The task ▸
Below is a listing. Quote from it, exactly, the lines from the one containing "Lume Jewelry 「LUCKY カーネリアン てんとう虫ネックレス」" down to the one containing "Pink sweatshirt: Small", both ends included, and nothing else.

------------------------------------------------

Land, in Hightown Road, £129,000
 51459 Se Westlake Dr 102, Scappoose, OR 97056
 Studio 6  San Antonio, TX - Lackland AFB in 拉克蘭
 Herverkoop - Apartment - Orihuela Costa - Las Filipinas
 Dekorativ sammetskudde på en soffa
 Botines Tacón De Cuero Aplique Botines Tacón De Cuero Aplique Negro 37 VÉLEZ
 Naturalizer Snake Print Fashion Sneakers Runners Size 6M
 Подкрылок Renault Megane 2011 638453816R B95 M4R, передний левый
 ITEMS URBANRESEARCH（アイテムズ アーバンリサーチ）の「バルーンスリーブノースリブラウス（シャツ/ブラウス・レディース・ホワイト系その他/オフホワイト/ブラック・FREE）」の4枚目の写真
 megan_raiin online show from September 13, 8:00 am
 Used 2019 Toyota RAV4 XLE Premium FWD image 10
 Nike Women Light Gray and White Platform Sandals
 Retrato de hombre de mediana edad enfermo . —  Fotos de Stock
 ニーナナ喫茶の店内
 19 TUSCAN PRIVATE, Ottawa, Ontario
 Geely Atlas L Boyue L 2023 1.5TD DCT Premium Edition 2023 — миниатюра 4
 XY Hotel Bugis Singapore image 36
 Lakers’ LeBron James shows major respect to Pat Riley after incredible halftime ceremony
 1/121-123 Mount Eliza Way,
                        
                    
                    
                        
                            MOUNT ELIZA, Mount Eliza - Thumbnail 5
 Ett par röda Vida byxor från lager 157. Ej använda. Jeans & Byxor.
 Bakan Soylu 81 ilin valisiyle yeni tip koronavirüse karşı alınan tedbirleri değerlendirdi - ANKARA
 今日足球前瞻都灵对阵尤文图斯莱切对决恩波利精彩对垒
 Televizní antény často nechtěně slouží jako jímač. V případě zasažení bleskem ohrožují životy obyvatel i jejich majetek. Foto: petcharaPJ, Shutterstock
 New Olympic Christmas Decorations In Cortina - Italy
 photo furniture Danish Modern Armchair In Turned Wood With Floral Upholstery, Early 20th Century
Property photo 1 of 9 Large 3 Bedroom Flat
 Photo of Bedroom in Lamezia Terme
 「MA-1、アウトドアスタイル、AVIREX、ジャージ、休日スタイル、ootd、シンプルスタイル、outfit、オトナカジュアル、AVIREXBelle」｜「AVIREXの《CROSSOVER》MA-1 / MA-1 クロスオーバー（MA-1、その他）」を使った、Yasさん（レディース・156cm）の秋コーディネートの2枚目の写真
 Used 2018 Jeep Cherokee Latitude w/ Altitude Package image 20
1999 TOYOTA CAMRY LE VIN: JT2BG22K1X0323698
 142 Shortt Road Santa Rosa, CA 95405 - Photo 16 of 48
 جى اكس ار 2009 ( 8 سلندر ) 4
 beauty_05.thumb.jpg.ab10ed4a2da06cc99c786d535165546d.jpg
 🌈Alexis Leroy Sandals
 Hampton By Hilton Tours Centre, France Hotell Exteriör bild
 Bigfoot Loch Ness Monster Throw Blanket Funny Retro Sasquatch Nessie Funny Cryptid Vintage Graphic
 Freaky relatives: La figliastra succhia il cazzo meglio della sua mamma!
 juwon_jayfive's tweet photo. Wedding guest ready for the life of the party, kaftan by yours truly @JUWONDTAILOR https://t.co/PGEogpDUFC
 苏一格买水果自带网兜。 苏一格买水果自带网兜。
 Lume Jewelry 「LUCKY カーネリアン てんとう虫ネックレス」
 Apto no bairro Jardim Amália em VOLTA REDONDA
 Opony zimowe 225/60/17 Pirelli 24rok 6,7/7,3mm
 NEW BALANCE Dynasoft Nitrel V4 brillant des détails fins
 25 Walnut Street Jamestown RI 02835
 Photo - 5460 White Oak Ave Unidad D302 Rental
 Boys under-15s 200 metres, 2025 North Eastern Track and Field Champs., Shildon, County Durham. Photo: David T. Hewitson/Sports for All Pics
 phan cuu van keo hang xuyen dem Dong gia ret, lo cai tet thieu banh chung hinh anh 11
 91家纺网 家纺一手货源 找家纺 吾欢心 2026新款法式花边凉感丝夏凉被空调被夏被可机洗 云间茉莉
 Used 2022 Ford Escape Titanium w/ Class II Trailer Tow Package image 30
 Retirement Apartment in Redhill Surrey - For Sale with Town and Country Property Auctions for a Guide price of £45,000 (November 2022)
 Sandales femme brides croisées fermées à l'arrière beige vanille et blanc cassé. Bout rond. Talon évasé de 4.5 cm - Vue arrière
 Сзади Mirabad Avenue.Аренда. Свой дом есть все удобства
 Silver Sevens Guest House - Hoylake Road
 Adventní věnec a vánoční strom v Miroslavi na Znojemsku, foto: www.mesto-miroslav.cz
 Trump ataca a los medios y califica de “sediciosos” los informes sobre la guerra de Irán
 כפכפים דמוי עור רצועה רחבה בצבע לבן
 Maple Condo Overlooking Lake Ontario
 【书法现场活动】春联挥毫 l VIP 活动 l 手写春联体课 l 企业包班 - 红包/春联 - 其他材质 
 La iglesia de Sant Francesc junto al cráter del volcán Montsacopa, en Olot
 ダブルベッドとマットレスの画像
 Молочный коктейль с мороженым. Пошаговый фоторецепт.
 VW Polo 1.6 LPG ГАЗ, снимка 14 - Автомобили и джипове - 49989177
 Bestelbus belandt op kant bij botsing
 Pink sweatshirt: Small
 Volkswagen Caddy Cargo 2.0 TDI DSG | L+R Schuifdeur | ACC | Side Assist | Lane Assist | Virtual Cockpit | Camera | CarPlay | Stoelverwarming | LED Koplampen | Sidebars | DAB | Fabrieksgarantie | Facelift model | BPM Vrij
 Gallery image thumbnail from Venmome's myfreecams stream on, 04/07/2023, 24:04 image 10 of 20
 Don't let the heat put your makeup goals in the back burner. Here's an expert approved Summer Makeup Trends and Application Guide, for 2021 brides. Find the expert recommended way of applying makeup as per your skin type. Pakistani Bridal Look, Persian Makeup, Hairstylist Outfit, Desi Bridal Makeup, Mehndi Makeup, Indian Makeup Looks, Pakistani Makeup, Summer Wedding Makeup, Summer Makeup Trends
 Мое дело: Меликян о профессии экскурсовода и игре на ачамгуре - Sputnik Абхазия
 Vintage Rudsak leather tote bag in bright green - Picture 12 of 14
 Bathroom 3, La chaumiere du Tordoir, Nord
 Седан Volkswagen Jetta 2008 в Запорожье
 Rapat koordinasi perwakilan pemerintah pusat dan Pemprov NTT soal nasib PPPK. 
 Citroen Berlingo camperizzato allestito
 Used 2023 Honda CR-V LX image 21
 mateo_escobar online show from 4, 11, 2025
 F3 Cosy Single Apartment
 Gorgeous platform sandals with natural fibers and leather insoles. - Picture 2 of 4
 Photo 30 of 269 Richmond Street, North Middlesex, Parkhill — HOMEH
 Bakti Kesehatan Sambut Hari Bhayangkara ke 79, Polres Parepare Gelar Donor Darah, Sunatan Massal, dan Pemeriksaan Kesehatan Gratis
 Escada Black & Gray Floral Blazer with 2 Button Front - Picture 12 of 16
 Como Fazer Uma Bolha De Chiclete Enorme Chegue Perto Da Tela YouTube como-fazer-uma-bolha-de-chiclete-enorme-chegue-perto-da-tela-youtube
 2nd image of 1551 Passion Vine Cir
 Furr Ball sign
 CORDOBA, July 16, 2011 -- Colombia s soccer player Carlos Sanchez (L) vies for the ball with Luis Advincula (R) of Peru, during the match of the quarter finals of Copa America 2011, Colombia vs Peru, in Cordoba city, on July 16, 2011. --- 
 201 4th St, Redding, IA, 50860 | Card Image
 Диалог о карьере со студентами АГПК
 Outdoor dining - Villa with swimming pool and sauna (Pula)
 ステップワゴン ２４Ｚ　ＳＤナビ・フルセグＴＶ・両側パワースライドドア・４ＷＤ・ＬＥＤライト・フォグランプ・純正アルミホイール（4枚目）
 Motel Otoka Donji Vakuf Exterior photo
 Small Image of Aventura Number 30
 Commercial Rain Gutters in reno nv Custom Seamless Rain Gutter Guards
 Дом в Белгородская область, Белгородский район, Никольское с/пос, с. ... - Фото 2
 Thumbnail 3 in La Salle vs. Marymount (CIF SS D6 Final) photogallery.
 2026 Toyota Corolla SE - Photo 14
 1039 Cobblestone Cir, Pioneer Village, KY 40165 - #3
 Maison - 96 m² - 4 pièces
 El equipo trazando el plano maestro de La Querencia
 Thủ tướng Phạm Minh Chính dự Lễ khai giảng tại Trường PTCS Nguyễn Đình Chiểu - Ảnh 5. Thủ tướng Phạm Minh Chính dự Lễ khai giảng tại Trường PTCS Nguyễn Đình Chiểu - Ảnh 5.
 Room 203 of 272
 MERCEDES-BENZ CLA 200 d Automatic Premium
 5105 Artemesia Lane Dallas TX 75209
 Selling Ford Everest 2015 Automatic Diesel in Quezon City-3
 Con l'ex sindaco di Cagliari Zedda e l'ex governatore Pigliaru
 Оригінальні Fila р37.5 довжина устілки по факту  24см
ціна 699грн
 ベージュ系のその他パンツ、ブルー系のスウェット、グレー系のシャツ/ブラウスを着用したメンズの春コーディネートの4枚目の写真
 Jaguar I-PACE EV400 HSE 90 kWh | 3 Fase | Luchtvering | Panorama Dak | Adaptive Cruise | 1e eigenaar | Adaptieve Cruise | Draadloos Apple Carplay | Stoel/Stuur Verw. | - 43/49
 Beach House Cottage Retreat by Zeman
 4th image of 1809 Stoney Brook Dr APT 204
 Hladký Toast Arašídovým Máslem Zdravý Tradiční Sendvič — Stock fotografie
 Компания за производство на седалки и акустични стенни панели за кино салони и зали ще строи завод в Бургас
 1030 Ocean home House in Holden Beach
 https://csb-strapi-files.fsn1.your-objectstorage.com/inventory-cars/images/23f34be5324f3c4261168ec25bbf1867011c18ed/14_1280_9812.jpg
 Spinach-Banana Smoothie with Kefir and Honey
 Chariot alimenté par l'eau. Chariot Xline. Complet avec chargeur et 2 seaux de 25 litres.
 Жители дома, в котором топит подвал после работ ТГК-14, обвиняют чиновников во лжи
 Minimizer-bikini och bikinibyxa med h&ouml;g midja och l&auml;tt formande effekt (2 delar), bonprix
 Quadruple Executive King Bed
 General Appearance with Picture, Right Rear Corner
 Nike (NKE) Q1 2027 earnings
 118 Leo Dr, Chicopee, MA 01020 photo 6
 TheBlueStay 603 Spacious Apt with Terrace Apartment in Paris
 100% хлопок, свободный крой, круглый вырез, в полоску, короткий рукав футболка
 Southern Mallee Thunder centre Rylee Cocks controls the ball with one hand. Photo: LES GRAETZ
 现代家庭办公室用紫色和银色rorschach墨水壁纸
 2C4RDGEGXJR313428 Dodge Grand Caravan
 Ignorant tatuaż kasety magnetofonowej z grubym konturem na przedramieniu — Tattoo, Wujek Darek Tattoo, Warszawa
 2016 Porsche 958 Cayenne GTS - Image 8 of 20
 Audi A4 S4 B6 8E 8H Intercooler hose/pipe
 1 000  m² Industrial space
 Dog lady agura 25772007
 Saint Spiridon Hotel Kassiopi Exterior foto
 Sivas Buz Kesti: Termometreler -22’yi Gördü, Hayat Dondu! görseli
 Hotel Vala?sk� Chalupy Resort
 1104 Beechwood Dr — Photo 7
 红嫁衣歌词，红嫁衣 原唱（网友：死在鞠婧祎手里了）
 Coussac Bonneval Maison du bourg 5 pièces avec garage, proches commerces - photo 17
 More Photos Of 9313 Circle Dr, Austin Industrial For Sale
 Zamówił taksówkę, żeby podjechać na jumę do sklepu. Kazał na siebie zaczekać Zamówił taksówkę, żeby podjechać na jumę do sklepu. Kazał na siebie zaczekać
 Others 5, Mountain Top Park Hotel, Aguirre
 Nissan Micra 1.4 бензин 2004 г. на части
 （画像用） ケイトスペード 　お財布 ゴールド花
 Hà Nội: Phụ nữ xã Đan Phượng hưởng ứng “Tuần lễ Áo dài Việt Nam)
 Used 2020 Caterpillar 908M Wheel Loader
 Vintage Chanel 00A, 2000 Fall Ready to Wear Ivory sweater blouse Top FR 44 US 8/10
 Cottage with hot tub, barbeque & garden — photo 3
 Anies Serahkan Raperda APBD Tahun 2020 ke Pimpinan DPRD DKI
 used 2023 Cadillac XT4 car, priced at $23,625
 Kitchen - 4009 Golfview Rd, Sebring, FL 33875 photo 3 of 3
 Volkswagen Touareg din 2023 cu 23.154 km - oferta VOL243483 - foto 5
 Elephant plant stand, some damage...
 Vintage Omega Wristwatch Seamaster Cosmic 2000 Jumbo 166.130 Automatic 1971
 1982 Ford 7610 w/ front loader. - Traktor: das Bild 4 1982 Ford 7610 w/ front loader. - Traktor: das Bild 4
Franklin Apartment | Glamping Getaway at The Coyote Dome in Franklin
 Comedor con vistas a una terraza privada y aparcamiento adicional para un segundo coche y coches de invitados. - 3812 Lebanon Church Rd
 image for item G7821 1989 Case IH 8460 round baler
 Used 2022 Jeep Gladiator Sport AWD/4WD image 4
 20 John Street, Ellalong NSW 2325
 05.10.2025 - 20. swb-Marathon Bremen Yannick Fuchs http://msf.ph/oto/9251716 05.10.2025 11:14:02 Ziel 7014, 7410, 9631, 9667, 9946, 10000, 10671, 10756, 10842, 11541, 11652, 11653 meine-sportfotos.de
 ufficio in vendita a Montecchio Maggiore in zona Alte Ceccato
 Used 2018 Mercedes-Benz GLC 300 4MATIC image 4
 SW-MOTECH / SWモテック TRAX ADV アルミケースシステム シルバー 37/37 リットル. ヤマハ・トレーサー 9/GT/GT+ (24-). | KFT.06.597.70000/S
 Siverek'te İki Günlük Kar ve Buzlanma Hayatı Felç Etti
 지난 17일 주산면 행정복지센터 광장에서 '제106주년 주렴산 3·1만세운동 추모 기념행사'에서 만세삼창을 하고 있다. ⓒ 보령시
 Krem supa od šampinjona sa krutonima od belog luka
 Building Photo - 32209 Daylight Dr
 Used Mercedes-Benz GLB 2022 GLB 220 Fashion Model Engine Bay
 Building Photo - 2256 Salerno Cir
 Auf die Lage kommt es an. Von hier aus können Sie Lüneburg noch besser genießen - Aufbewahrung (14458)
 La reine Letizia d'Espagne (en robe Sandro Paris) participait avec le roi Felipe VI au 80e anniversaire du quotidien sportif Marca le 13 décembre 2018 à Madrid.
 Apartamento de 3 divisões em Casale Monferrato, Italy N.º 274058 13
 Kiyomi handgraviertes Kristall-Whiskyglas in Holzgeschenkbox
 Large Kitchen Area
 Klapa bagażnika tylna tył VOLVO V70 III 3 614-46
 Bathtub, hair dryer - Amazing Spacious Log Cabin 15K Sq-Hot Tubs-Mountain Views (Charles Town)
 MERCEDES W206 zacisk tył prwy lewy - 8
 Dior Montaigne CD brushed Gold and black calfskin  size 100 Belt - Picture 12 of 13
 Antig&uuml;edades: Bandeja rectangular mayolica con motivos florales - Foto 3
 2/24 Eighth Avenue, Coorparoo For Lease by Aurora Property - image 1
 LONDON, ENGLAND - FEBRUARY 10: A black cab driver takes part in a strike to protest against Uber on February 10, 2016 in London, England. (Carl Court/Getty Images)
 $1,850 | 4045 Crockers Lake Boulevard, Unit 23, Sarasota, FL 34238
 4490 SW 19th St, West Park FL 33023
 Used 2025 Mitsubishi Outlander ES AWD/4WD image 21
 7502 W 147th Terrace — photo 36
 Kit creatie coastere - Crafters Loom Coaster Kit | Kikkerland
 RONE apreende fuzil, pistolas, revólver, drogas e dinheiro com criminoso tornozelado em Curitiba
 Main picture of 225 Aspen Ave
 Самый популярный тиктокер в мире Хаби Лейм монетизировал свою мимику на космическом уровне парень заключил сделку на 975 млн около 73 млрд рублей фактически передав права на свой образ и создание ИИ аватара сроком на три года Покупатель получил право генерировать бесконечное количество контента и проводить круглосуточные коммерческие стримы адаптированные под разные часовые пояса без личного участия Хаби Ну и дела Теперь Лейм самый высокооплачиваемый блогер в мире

------------------------------------------------

Answer for this exercise ▸
 Lume Jewelry 「LUCKY カーネリアン てんとう虫ネックレス」
 Apto no bairro Jardim Amália em VOLTA REDONDA
 Opony zimowe 225/60/17 Pirelli 24rok 6,7/7,3mm
 NEW BALANCE Dynasoft Nitrel V4 brillant des détails fins
 25 Walnut Street Jamestown RI 02835
 Photo - 5460 White Oak Ave Unidad D302 Rental
 Boys under-15s 200 metres, 2025 North Eastern Track and Field Champs., Shildon, County Durham. Photo: David T. Hewitson/Sports for All Pics
 phan cuu van keo hang xuyen dem Dong gia ret, lo cai tet thieu banh chung hinh anh 11
 91家纺网 家纺一手货源 找家纺 吾欢心 2026新款法式花边凉感丝夏凉被空调被夏被可机洗 云间茉莉
 Used 2022 Ford Escape Titanium w/ Class II Trailer Tow Package image 30
 Retirement Apartment in Redhill Surrey - For Sale with Town and Country Property Auctions for a Guide price of £45,000 (November 2022)
 Sandales femme brides croisées fermées à l'arrière beige vanille et blanc cassé. Bout rond. Talon évasé de 4.5 cm - Vue arrière
 Сзади Mirabad Avenue.Аренда. Свой дом есть все удобства
 Silver Sevens Guest House - Hoylake Road
 Adventní věnec a vánoční strom v Miroslavi na Znojemsku, foto: www.mesto-miroslav.cz
 Trump ataca a los medios y califica de “sediciosos” los informes sobre la guerra de Irán
 כפכפים דמוי עור רצועה רחבה בצבע לבן
 Maple Condo Overlooking Lake Ontario
 【书法现场活动】春联挥毫 l VIP 活动 l 手写春联体课 l 企业包班 - 红包/春联 - 其他材质 
 La iglesia de Sant Francesc junto al cráter del volcán Montsacopa, en Olot
 ダブルベッドとマットレスの画像
 Молочный коктейль с мороженым. Пошаговый фоторецепт.
 VW Polo 1.6 LPG ГАЗ, снимка 14 - Автомобили и джипове - 49989177
 Bestelbus belandt op kant bij botsing
 Pink sweatshirt: Small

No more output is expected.